By the time we’d left our mooring at Send, topped up the water tank on Friday it was 9am
… and it was slowly does it through the very narrow channel
A beautiful pastel show of flowers but I have a feeling that this plant is a member of the Japanese Knotwood family and highly invasive
There’s a boat coming up Papercourt Lock
… it’s a National Trust Tug pushing a very large hollow flat which will apparently hold up to 30-tonnes of stone; they have been reinforcing the river banks this week.
The chap on the front of the flat has been asked to ‘fend-off’ Still Rockin’ if it gets too close!
It was scary to think that if we’d been 10 minutes earlier we would have had problems - there is no way the tug and flat and Still Rockin’ would have been able to pass each other in the narrow channel.
Papercourt is also a very leaky lock
The river continues to meander its way to the Thames
A pretty garden at the water mill near Newark New Bridge
Newark Abbey from the lock
Walsham Gates is the last remaining turf-sided lock on the River Way and is a flood lock which is normally left open
We only passed this one boat today, on yet another narrow section!

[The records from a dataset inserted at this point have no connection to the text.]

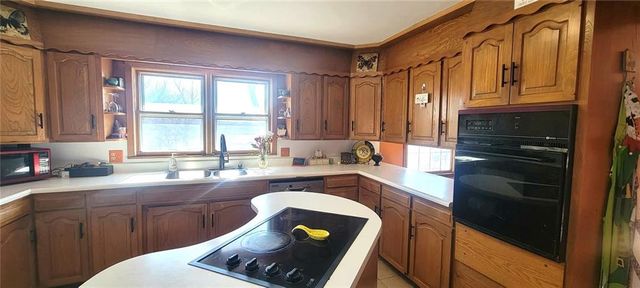 538 Brown Circle Drive, Osawatomie, KS 66064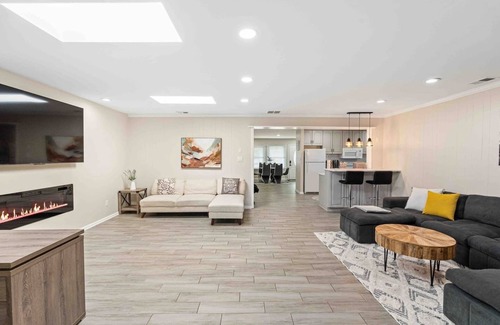 Sterling House | Private 3BDR, Spacious 1LVL Home, Mins to Airport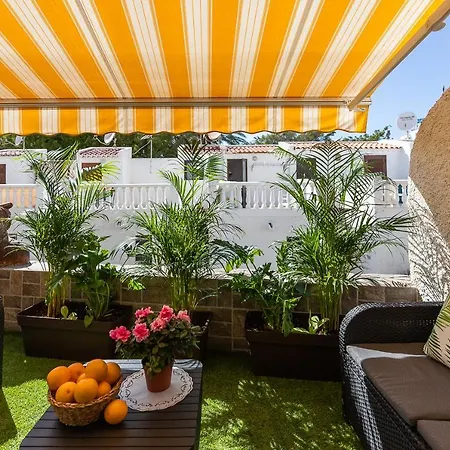 Detached 3-story Home, Seafront And شقة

John Donne Poet and Dean of St Pauls lived here in 1600
No man is an island,
Entire of itself,
Every man is a piece of the continent,
A part of the main.
If a clod be washed away by the sea,
Europe is the less.
As well as if a promontory were.
As well as if a manor of thy friend's
Or of thine own were:
Any man's death diminishes me,
Because I am involved in mankind,
And therefore never send to know for whom the bell tolls;
It tolls for thee.
We arrived at the Anchor Inn at 11:30 and relaxed for the rest of the day, having dinner in the restaurant (where dogs are allowed) in the evening. We leave the river Wey tomorrow.